What is mysticism, and what is a modern mystic? Mysticism is the study of the unknown. Those who explore these things are called mystics. There are many kinds of mystics. Some are excellent communicators, like Rumi, Hafez, and Evelyn Underhill. Other mystics are warriors and sorcerers, like Carlos Castañeda and Paulo Coelho, and some are guides and teachers, like Joseph Campbell.

Is Life as a Mystic Possible?

Consciousness is mysterious. How do we become a singular point of awareness? Life is mystical, so mysticism is the underlying premise or truth of existence. It is only natural to want to understand its mysteries. (1)

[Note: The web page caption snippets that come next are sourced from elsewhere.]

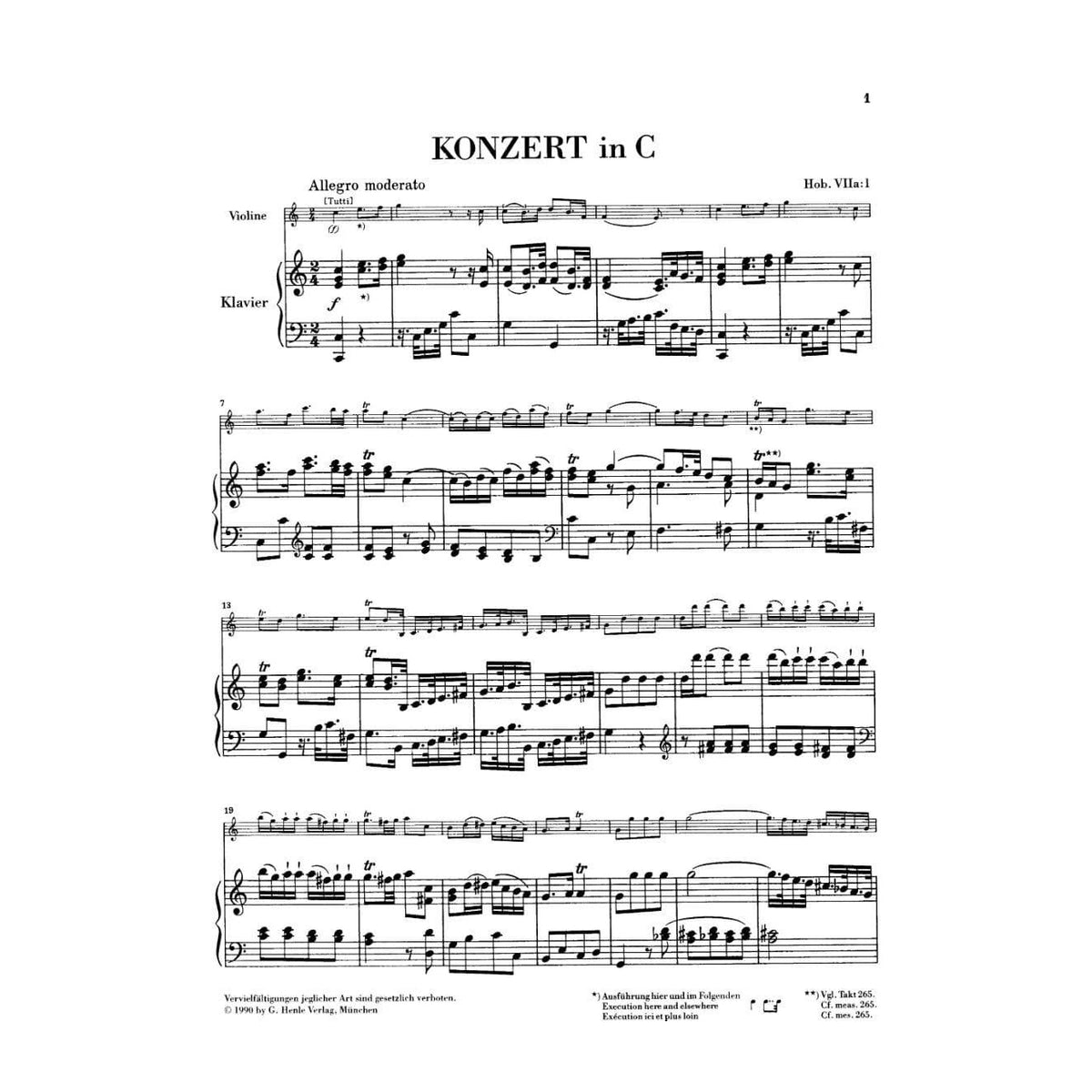 Haydn, Franz Joseph - Concerto No 1 in C Major, Hob VIIa:1 - Violin and Piano - edited by Günter Thomas and Heinz Lohmann - G Henle Verlag URTEXT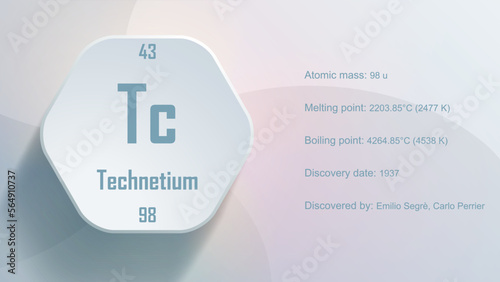 Modern periodic table element Technetium 3D Vector Illustration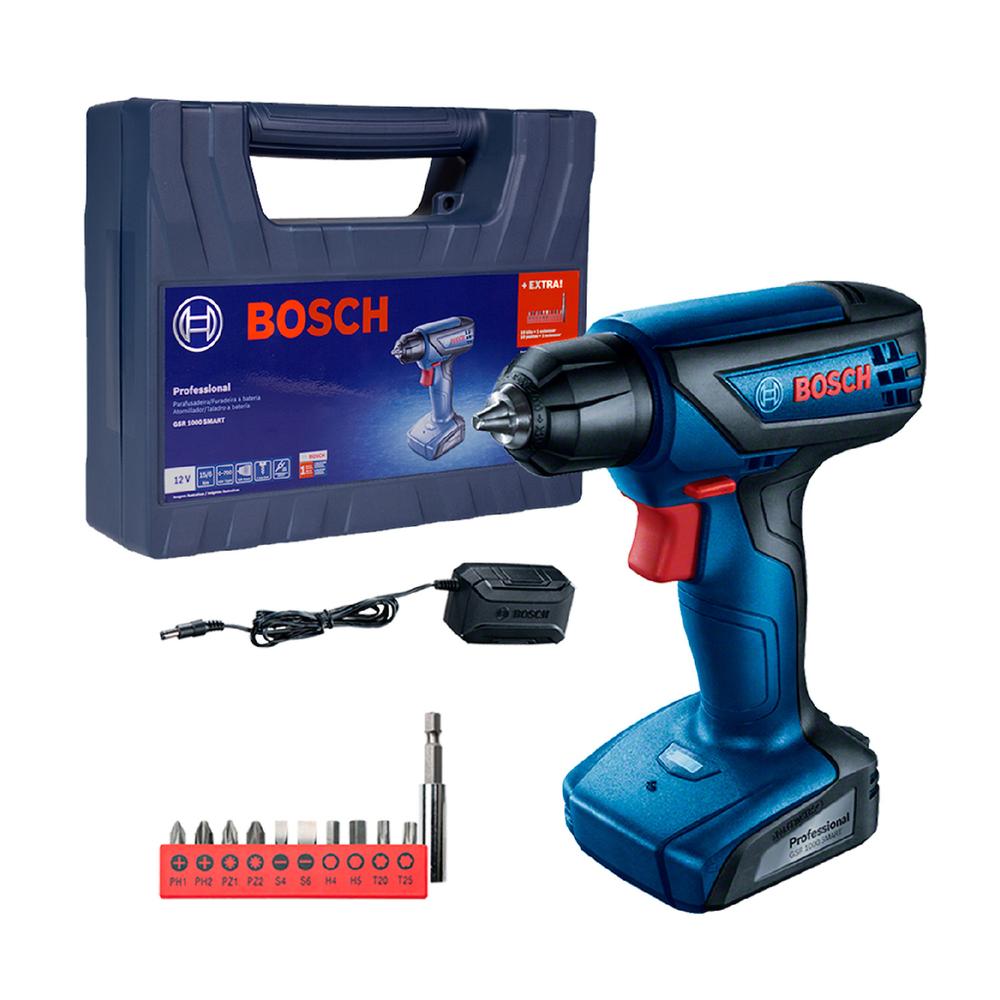 Taladro Atornillador Inalámbrico 12v + Maletín y Kit Bosch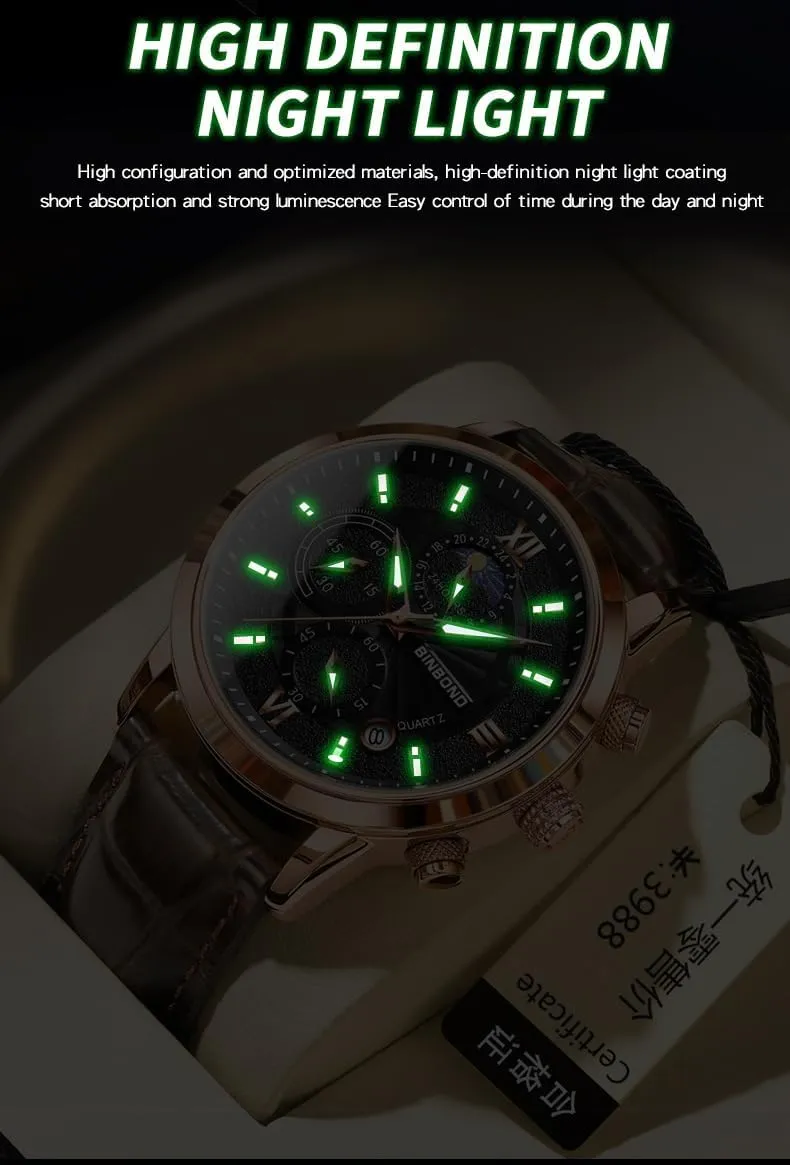 Men Chronograph Watches Business Casual Wrist Watches (Multifunction/Waterproof/Luminous/Calendar/Stop) Leather Band Fashion Watch for Men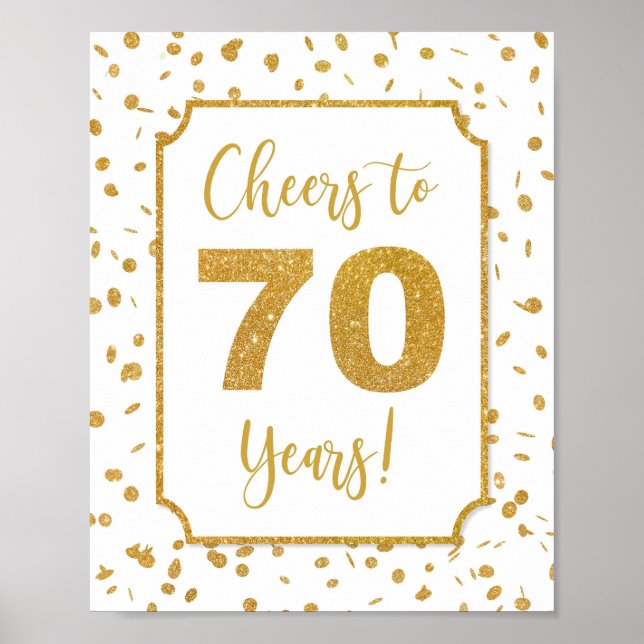 Poster Symbole d'anniversaire de Confetti Gold à 70 ans (Devant)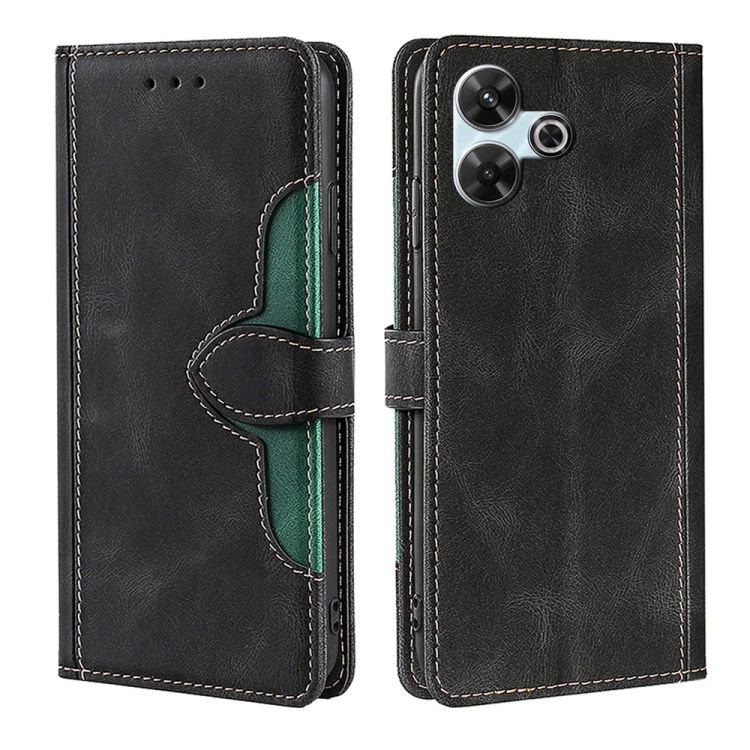 

For Redmi 13 4G Skin Feel Magnetic Buckle Leather Phone Case(Black)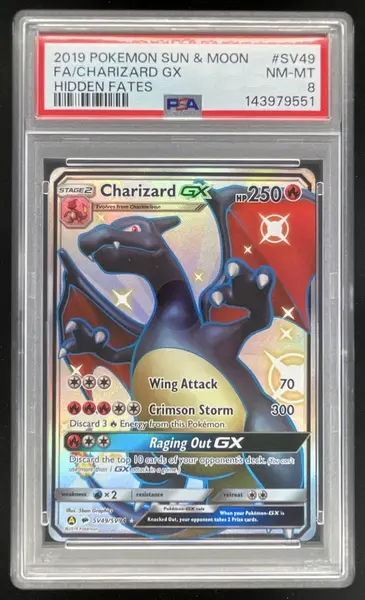2019 Pokemon SM Hidden Fates #SV49/SV94 Charizard GX PSA 8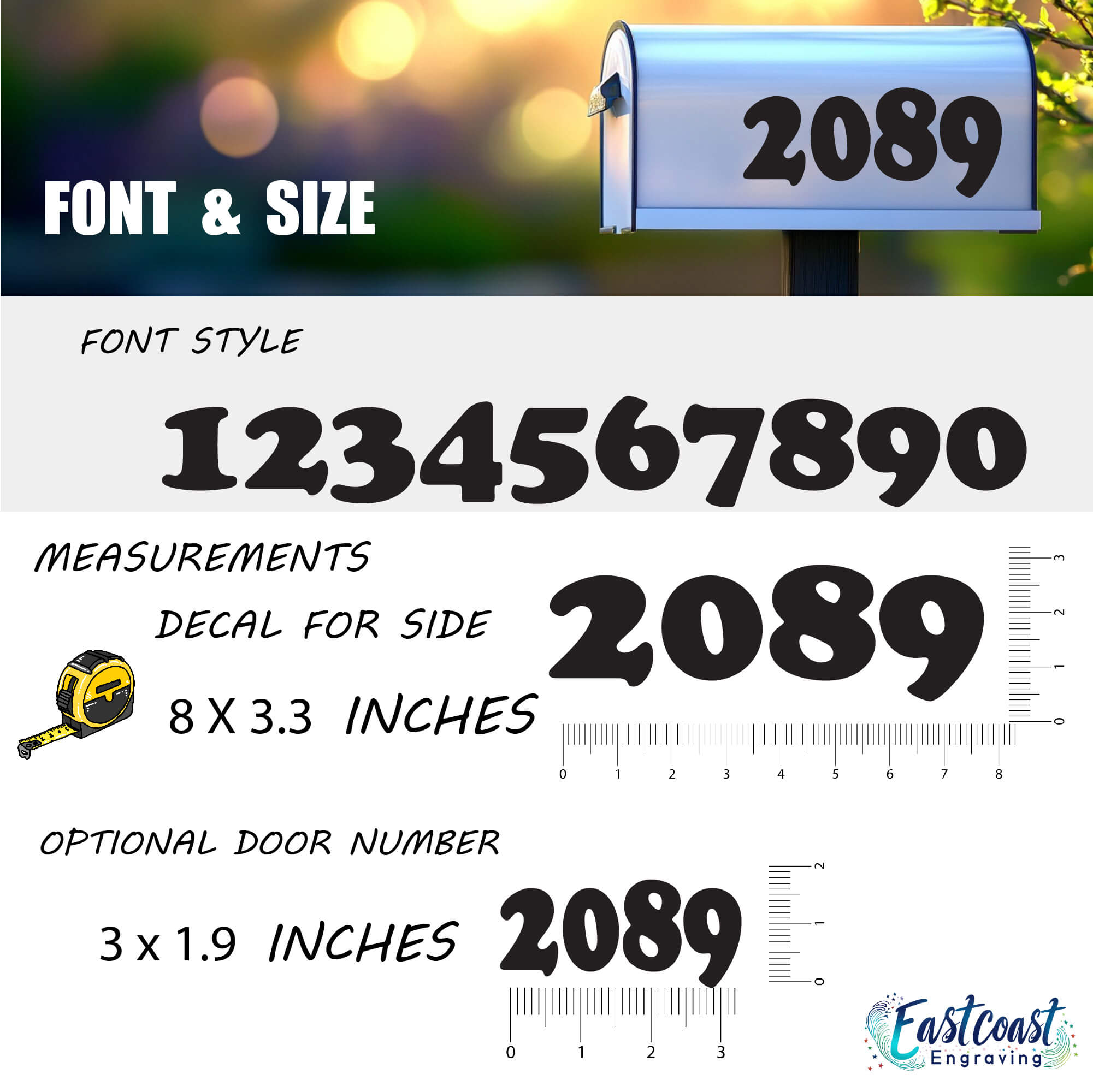 Mailbox number decal size and font chart showing example numbers “2089” with dimensions 8x3 inches and 3.2x1.9 inches
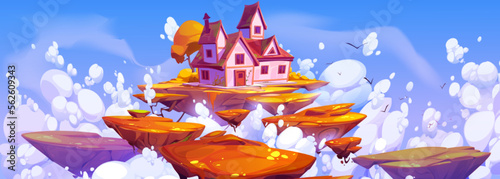 Fantasy house floating on island in blue sky with fluffy white clouds. Vector cartoon illustration of flying land platforms with autumn landscape, rural cottage with red roof, yellow trees and grass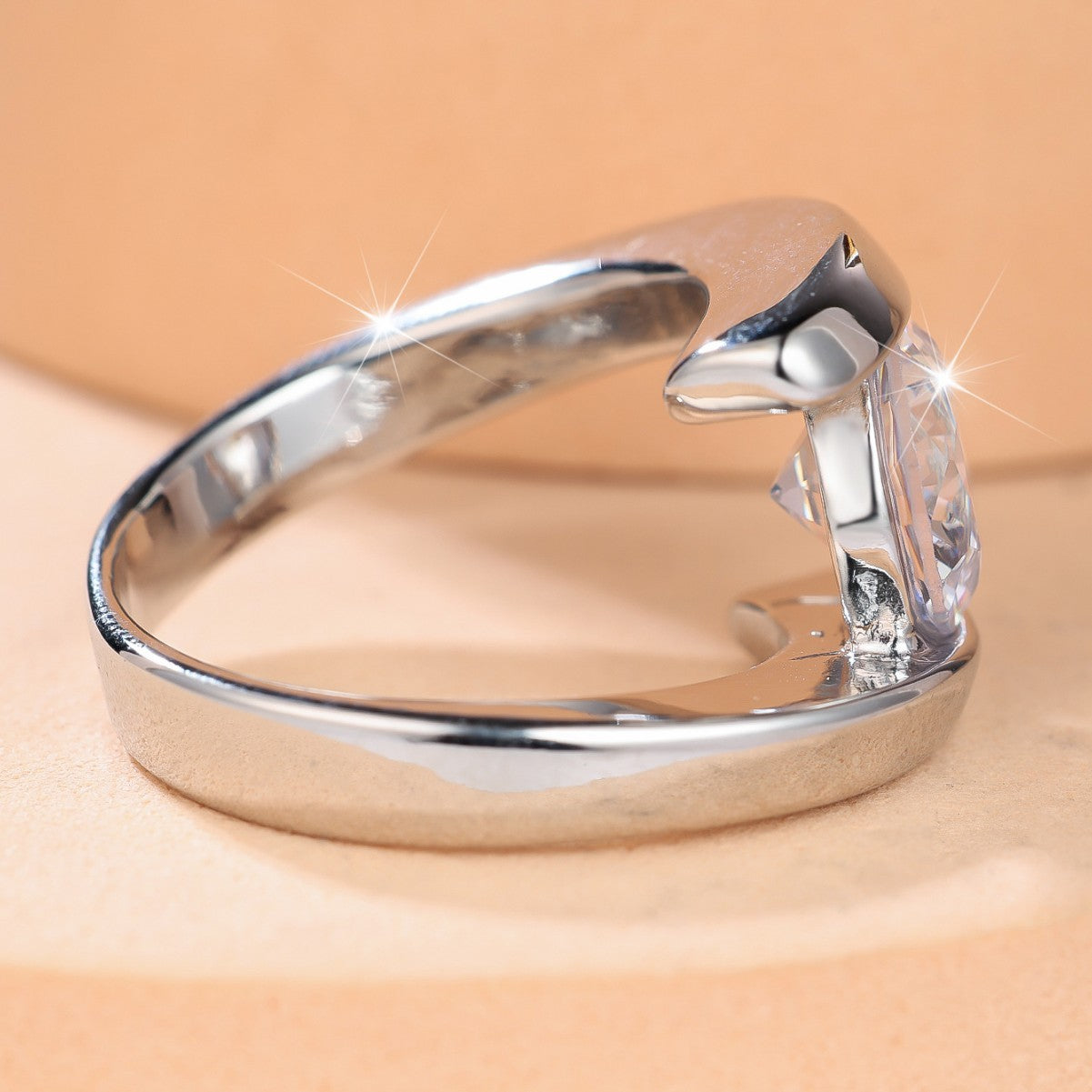 Minimalist High-end Double-band Diamond-inlaid Ring Decorative Ring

“The difference between an ordinary man and a warrior is a warrior takes everything as a challenge while an ordinary man takes everything as a blessing or a curse.”  ― Carlos Castaneda

“The psychotic drowns in the same waters in which the mystic swims with delight.” ― Joseph Campbell, Psychology of the Future: Lessons from Modern Consciousness Research

Mystics have a rich tradition as healers of body, mind, and soul—the practice of shamanism centers on the mystical quest. The Shamanic Journey existed long before any organized religion.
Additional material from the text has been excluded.